Studio Production: Cameron Granadino
Post-Production: Alina Nehlich
Transcript
Marc Steiner: Welcome to The Marc Steiner Show here on The Real News. I’m Marc Steiner. It’s great to have you all with us.
Now, as we approach this election in a deeply divided nation, our nation’s future is at stake. I think about another Democratic convention that took place when I was much younger, in a year that saw so much upheaval and revolutionary activity. It took place in the same city, Chicago, where the Democrats will be gathering again.
The year was 1968, the year when the war in Vietnam was raging, when Martin Luther King and Robert Kennedy were assassinated. When, in the wake of King’s murder, rebellions broke out across the United States in Black communities in over 100 cities. Thousands of us camped out in Washington DC in Resurrection City as part of the Poor People’s Campaign. And the national mobilization to end the war in Vietnam, as thousands were dying in Vietnam and tens of thousands of Vietnamese were being killed, the organized protest outside the Democratic Convention, thousands came there. And what happened was a police riot ensued.
My guest today was there in ’68, was the leader of SDS. His name is Bill Ayers, and I’ve known him for a long time. He’s a distinguished professor — Or was, retired now — Distinguished professor of education and senior university scholar at the University of Illinois in Chicago. Written extensively about social justice, democracy, education, teaching.
He was a teacher for years and a leader of the Students for Democratic Society and the Weather Underground, which took on the US government during the war and has written numerous books. Let me give you a couple of them: A Kind and Just Parent, Teaching Toward Freedom, Fugitive Days, Public Enemy, On the Side of the Child, To Teach: the journey, in comics.
And Bill, good to see you, brother. Good to have you here.
Bill Ayers: Great to see you. Great to see you, Marc. And it’s always a pleasure to be in conversation.
Marc Steiner: Let’s go back to that moment. It was really very different than what we’re facing today. In some ways we’ll get to later, it was kind of the seeds of what we’re facing today. But take us back to that moment, and you being one of the organizers of the massive protest outside the convention. What led to that?

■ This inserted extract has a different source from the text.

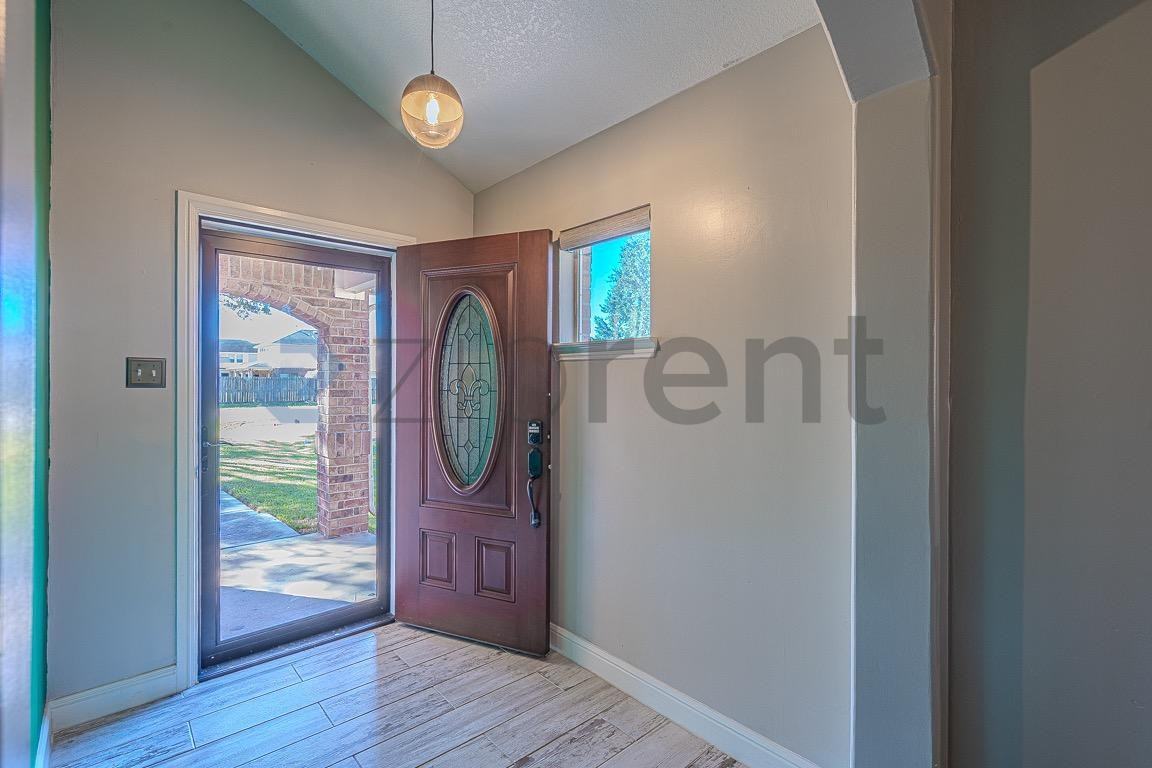 4915 Cotton Creek Dr - Photo 5 of 31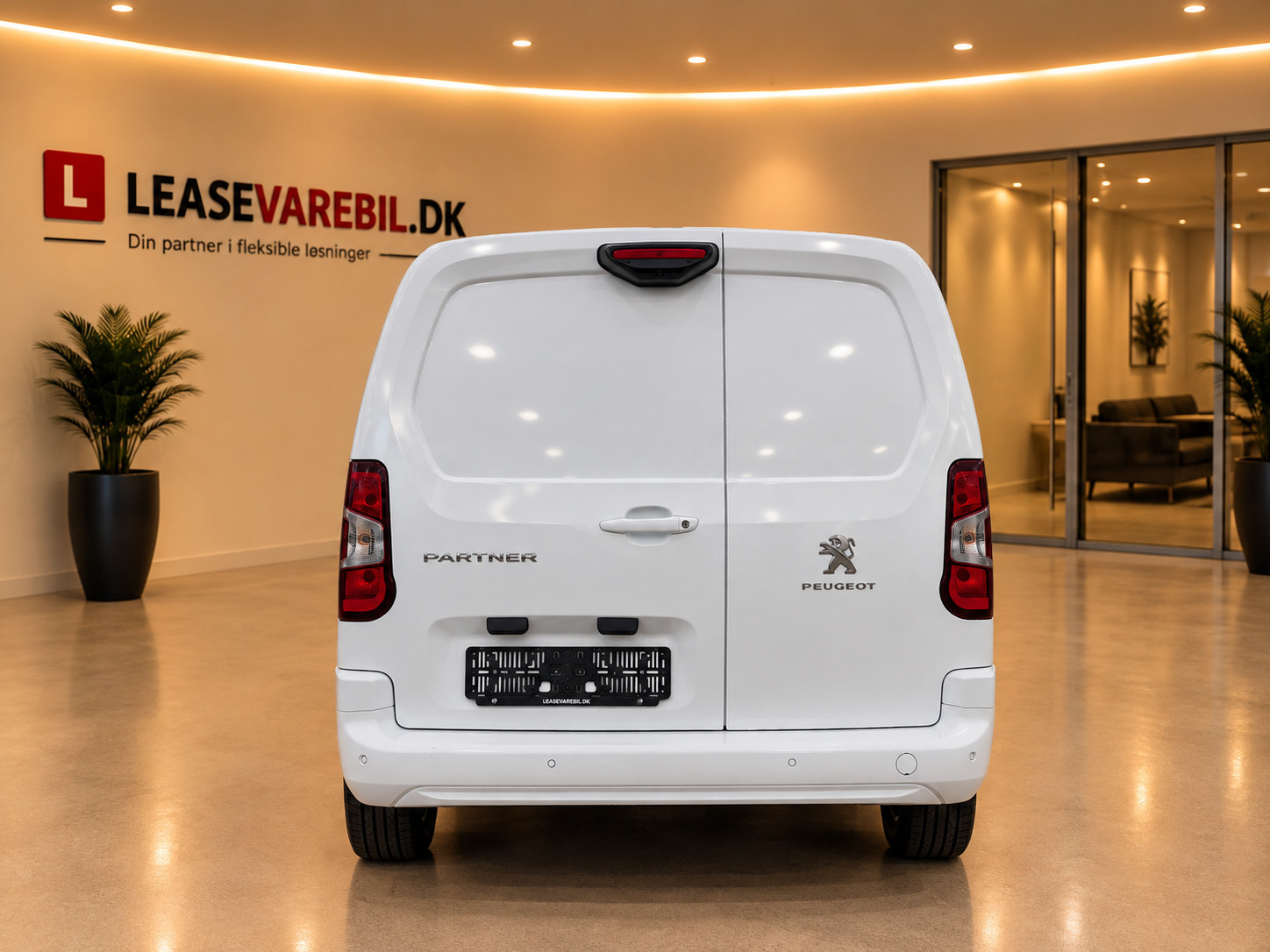 Hvid Peugeot Partner fra 2021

Bill Ayers: Well, what led to it was years of opposition to the war. And as you know, the American war in Vietnam began in 1965. My first arrest opposing the war was inside a draft board in Ann Arbor. There were 39 of us arrested, which was a huge civil disobedience at the time. We were copying tactics and strategy from the Civil Rights Movement, but we were determined to bring a screaming, screaming response to the American invasion and occupation of Vietnam.
So I was arrested in 1965 when something like 20% of Americans supported the war. Three years later, 1968, close to 55% opposed the war and the Democratic Party was in crisis, and democracy was in crisis. Because the war had defined, the war, along with the Black Freedom Movement, the uprisings had defined the moral territory of the country. And so there’d been demonstrations.
I’ve been arrested dozens of times in those three years. There had been mobilizations on campuses, mobilizations in DC, all over the country. And yet the war ground on.
I think three things happened, really, in those three years that I think are worth noting. One is that people like me became full-time activists and organizers. I’d never been an organizer before, but I began not only demonstrating, acting, fighting the police in the streets, but also knocking on doors, which proved to be a very difficult undertaking. I got used to being beat up [Steiner laughs], but it’s hard to talk to strangers, and yet it’s the essence of democracy.
So I spent an entire summer in Detroit going door to door to door seven days a week trying to convince people that the war was immoral, illegal, unnecessary, wrong, wrongheaded, and so on.
That was important, but it wasn’t as important as the Black freedom struggle coming out against the war in those three years. So Muhammad Ali, you remember —
Marc Steiner: Yep.
Bill Ayers: …Said, “I won’t fight in the white man’s army. No Vietnamese ever called me the N-word,” and he refused service.
And that shook the country up. The Student Nonviolent Coordinating Committee issued a statement saying, no Black man should go 10,000 miles away to fight for a so-called freedom he doesn’t enjoy in Mississippi. That shook the country up.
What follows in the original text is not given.